Он поднял голову, но не вздрогнул.
— Ты можешь так говорить.
— Да, потому что ты не примешь его в одиночестве.
— Нет?
— Я не притворяюсь, что не всегда была готова дать тебе то, что ты хотел.
Прежде чем он начал говорить, она поспешно продолжила:
— Скажи мне, помнишь ли ты тот вечер, когда принимал перкодан от боли в плече, а Булл угощал тебя коньяком «Джек Дэниел»?
Он с осторожностью повернул голову и посмотрел на нее.
— Да.
— Помнишь ли ты, что ты делал, что говорил в ту ночь?
Он долго молчал, прежде чем ответить.
— Я помню, что проснулся в твоей постели.
— До этого, — торопливо проговорила она.
— Я хотел поговорить с тобой, но у тебя не было света, и я подумал, что ты спишь. Я немного посидел на ограде галереи. По-моему, даже ходил по ней.
— Так и было.
Он взглянул на ветки кипариса и вздохнул.
— Что еще?
— Ты сказал, что не можешь заниматься серфингом и не умеешь быть актером.
— В основном это правда.
— И ты делал мне предложение, хоть и неприличное. Например, ты предложил страстно любить меня под открытым небом.

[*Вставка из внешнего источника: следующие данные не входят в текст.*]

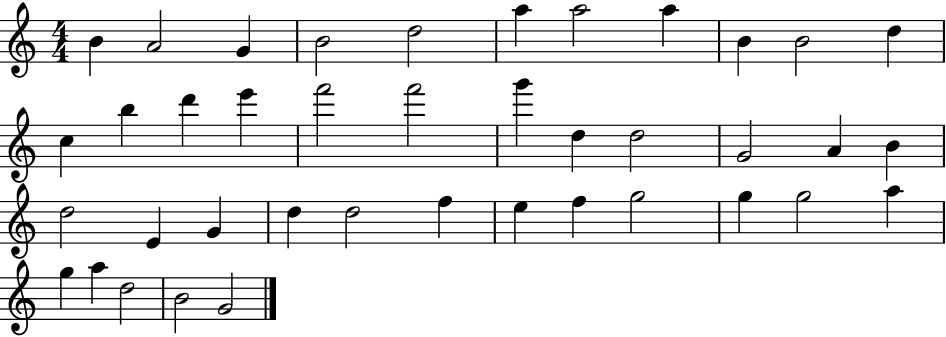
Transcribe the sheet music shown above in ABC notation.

X:1
T:Untitled
M:4/4
L:1/4
K:C
B A2 G B2 d2 a a2 a B B2 d c b d' e' f'2 f'2 g' d d2 G2 A B d2 E G d d2 f e f g2 g g2 a g a d2 B2 G2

— Я согласен, — тихо сказал он, — что мои грехи преследуют меня.
— Я тоже так думаю, — ответила она, слегка улыбаясь.
— Нет необходимости быть доброй, просто дай мне понять.

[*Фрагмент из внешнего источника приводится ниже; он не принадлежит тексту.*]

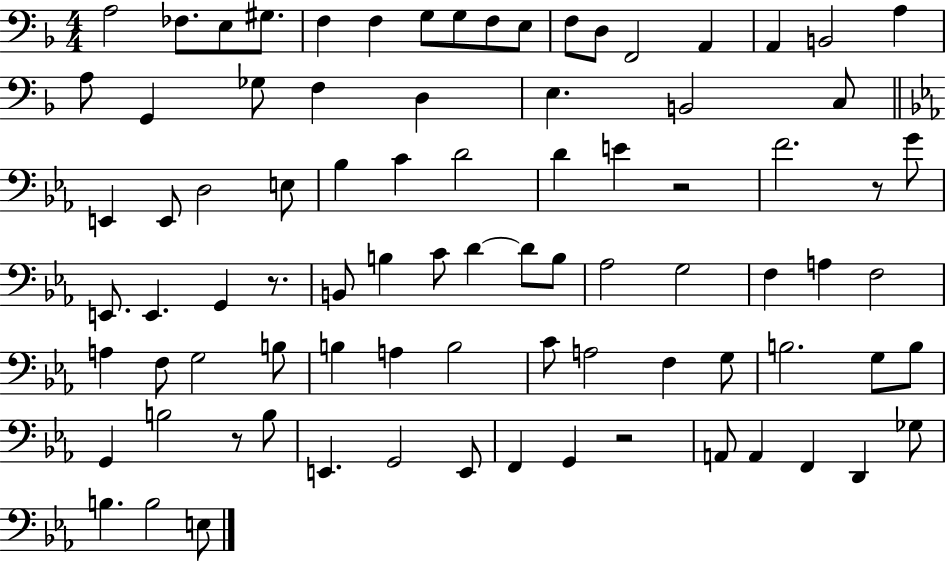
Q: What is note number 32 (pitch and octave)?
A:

— Я и хочу это сделать, — произнесла она, но не могла продолжить, страх перехватил ей голосовые связки.
— Джулия? — Он повернулся и, пытаясь увидеть ее лицо, стал приближаться к ней.
Она хотела отступить назад, но не смогла. Ей стало страшно оттого, что он может не произнести тех слов, которые она ждала. Но не было другого способа избавиться от этой неопределенности, кроме как все выяснить. Она облизала губы, тяжело переводя дыхание.
— Ты сказал, что хочешь взять меня на болото, как Жан-Пьер. Но ты не такой, как он, ты не связан старыми привычками, прежней гордостью. Ты сказал, что мы поженимся и пока у нас нет детей, будем жить в Новом Орлеане, или в Лос-Анджелесе, или там, где я буду снимать фильм. Ты сказал, что мы не будем жить в нужде, что ты современный мужчина, который умеет готовить и присматривать за детьми.
— Я так сказал? — спросил он хриплым голосом и положил руки ей на плечи.
— Да, ты так сказал, — ответила она, собрав все свое мужество и пристально глядя на него.
— И что ты ответила?
— Я сказала, что рада тому, что ты не Жан-Пьер.
Он наклонился к ней, его губы были совсем рядом с ее губами.
— И это все?
— Я сказала, что мне нравится этот план, — ответила она прерывающимся голосом, — если ты обещаешь, что уйдешь из управления по борьбе с наркобизнесом.
Он прошептал:
— А еще?
— Я сказала, что люблю тебя. Сильно, очень сильно, хотя я старалась, чтобы ты об этом не знал, старалась думать, что смогу прожить без тебя. Я поняла, что ошиблась.
— Ответил ли я тебе, что ты — моя жизнь, что ты владеешь моей душой, что я буду любить и согревать тебя всю жизнь и когда-нибудь снова буду сходить от тебя с ума и любить прямо под открытым небом?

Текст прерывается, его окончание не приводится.